You need to locate the *EXACT* model of the motherboards. E210882 are not model numbers, that number is the UL file number. Look for the model number to be stenciled somewhere on the boards.

It is very possible that the processor you put in the machine that is not working may not be supported by that motherboard.


----------



## blessedmain911 (Jun 23, 2007)

I tried resetting the CMOS but to no avail. And yes both machines were working prior to the switch. I found the number of the motherboard that isn't working: Intel D845EPI/D845GVSR
EDIT: Ok. I just looked both numbers up on the Intel website and it appears that it should be accepting everything that's in it. And like i have said if I switch the jumper I can get into the BIOS menu and it shows that it is recognizing the processor.
EDIT 2: Now I looked up the other compuer and it appears you were right they are WAAYYY different. This is a link to the Technical Specs section of the Dimension B110 manual http://support.dell.com/support/edocs/systems/dim1100/en/SM/specs.htm#wp1076752 and here's the link to what I am pretty sure the board is (yes I tried searching the AA number but returned with no results but if you want the number here it is D28751-402) http://www.intel.com/support/motherboards/desktop/d865gvhz/sb/CS-026964.htm


----------



## win2kpro (Jul 19, 2005)

If these boards came out of "mass produced" machines such as Dell, Gateway, etc. you cannot go by the AA numbers since the boards would be manufacturer proprietary boards.
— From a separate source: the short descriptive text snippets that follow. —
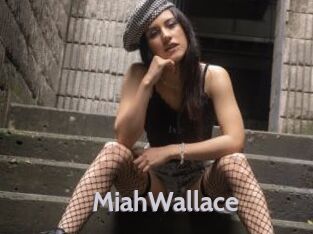MiahWallace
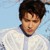 吴亦凡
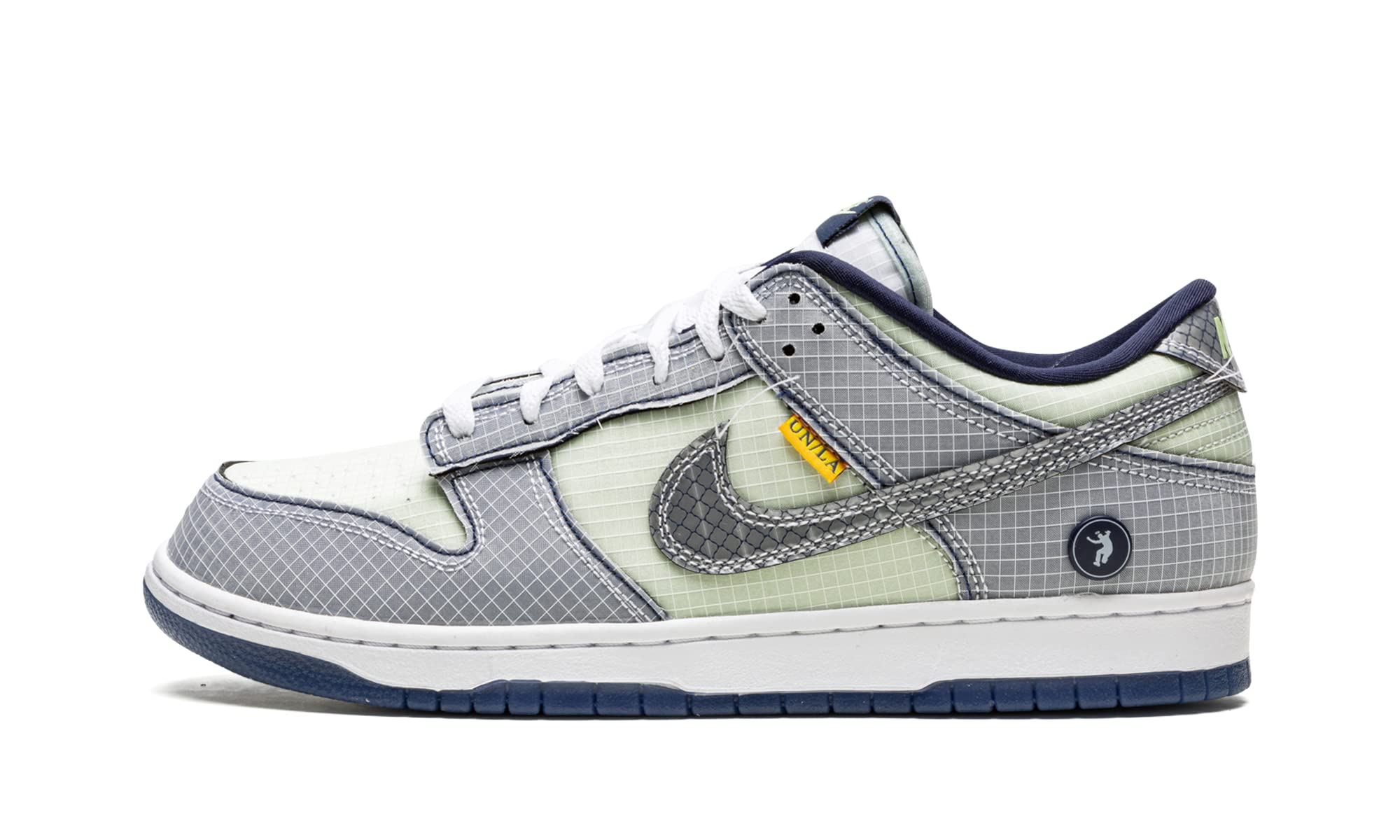 Nike Men's Running Sneakers - Lightweight Comfortable Athletic Shoes for Jogging, Gym & Daily Wear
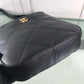 Ozarra - CHL Bags - 6306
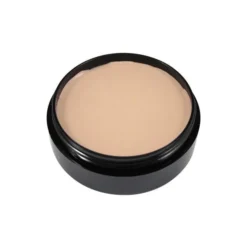 Mehron Celebre Pro HD Cream Foundation 86 Mehron Celebre Pro HD Cream Foundation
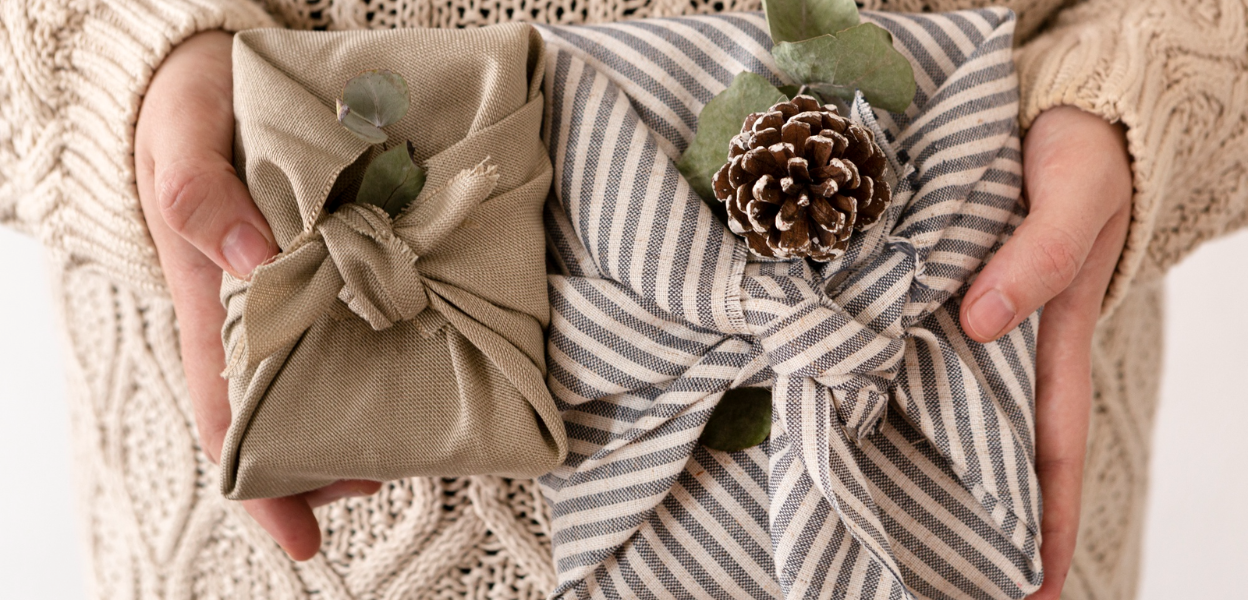 Naked Cashmere Review: Best Luxury Cashmere Pieces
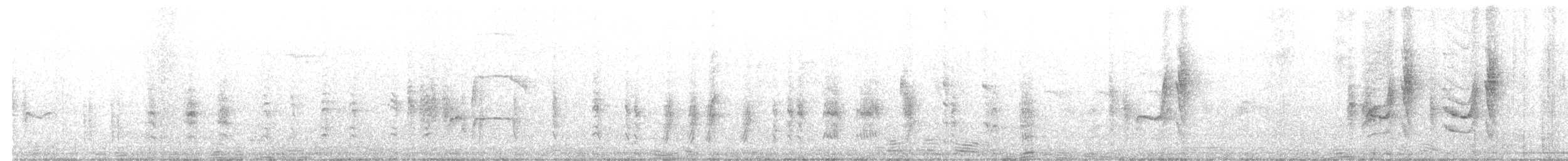 Marsh Warbler - ML640045024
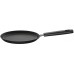Fiskars Hard Face Pánev na omelety / palačinky 22 cm 1020877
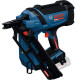 Акумуляторний цвяхозабивач Bosch Expert EXNH 18V-90 D Professional, без акб, в XL-BOXX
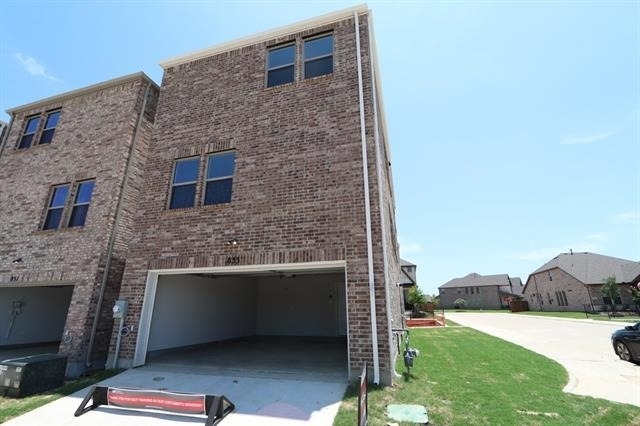 833 Tennessee Drive - Photo 5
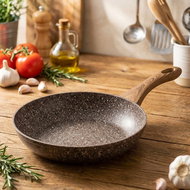 CS Solingen Steinfurt 28 cm - Pan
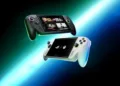 Портативна консоль Asus ROG XBox Ally засвітилася на Amazon до релізу — відома ціна і підтверджені характеристики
The AA numbers posted at Intel *ONLY APPLY* to standard Intel boards, *NOT* proprietary boards.

As a warning, if these boards are not *STANDARD* Intel boards, *DO NOT* flash the BIOS with a BIOS flash listed at Intel. Proprietary boards will have a different BIOS.


----------



## blessedmain911 (Jun 23, 2007)

Alright thanks. That info will come in handy later as I had decided I am now going to build all my new computers. So what do you believe I can do I'm now thinking I should switch them back. And BTW do you think that .3ghz is a very noticeable difference if i do switch them back?


----------



## win2kpro (Jul 19, 2005)

Switch the processors back, making sure you clean the heatsink and processor heatspreader and apply new thermal compound.

.3gHz. would not even be noticeable.


----------



## blessedmain911 (Jun 23, 2007)

Alright can do. Thanks a lot for the help!


----------



## win2kpro (Jul 19, 2005)

You're welcome.


----------